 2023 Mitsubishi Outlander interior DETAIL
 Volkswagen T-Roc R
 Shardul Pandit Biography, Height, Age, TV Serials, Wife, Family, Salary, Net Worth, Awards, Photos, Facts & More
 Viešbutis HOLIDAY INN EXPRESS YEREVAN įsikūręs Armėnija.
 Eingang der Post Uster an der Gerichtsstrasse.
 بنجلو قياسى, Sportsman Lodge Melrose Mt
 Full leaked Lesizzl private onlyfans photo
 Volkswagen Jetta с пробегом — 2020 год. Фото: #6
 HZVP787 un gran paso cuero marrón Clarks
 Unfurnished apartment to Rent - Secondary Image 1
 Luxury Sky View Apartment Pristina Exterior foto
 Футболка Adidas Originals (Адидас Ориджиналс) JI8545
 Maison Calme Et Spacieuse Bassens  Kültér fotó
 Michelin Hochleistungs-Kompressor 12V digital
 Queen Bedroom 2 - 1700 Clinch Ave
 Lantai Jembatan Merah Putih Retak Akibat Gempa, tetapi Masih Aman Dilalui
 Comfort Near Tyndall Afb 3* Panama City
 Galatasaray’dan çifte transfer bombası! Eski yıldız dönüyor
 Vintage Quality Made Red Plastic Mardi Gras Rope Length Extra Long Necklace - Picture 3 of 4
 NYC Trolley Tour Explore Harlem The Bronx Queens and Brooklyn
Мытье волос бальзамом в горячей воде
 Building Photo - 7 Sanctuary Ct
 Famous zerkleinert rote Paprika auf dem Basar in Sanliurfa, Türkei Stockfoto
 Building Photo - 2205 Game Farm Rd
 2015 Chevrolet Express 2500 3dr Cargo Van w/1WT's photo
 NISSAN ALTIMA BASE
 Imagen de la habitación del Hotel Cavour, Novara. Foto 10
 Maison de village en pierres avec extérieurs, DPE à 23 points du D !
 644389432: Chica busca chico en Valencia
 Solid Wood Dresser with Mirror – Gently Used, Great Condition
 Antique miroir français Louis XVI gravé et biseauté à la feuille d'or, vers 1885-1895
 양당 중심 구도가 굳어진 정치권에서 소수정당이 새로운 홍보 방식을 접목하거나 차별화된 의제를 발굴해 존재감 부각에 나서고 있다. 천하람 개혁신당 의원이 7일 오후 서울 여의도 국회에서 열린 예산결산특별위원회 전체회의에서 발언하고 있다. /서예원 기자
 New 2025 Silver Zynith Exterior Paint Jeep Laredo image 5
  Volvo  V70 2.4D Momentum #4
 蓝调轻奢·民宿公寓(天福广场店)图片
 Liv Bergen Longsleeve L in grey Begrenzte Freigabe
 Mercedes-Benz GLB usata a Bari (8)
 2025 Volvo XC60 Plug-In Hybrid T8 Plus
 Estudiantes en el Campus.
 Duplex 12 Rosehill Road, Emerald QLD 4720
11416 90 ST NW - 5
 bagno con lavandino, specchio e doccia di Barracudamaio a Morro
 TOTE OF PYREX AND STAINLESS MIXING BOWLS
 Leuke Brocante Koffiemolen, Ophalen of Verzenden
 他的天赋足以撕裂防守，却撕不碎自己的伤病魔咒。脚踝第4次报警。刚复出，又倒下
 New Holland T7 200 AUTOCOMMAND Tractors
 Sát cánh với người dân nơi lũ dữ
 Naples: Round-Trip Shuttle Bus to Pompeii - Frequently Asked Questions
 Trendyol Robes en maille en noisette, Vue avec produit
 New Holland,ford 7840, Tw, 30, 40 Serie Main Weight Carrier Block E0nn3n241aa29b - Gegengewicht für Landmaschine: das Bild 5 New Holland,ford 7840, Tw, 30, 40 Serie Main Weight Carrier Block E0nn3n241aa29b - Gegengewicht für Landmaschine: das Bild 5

## Exercise prompt
Output exactly the lines of the material above from the one containing "Volkswagen Jetta с" up to and including the one containing "Building Photo - 7 Sanctuary Ct".

## Solution to this exercise
 Volkswagen Jetta с пробегом — 2020 год. Фото: #6
 HZVP787 un gran paso cuero marrón Clarks
 Unfurnished apartment to Rent - Secondary Image 1
 Luxury Sky View Apartment Pristina Exterior foto
 Футболка Adidas Originals (Адидас Ориджиналс) JI8545
 Maison Calme Et Spacieuse Bassens  Kültér fotó
 Michelin Hochleistungs-Kompressor 12V digital
 Queen Bedroom 2 - 1700 Clinch Ave
 Lantai Jembatan Merah Putih Retak Akibat Gempa, tetapi Masih Aman Dilalui
 Comfort Near Tyndall Afb 3* Panama City
 Galatasaray’dan çifte transfer bombası! Eski yıldız dönüyor
 Vintage Quality Made Red Plastic Mardi Gras Rope Length Extra Long Necklace - Picture 3 of 4
 NYC Trolley Tour Explore Harlem The Bronx Queens and Brooklyn
Мытье волос бальзамом в горячей воде
 Building Photo - 7 Sanctuary Ct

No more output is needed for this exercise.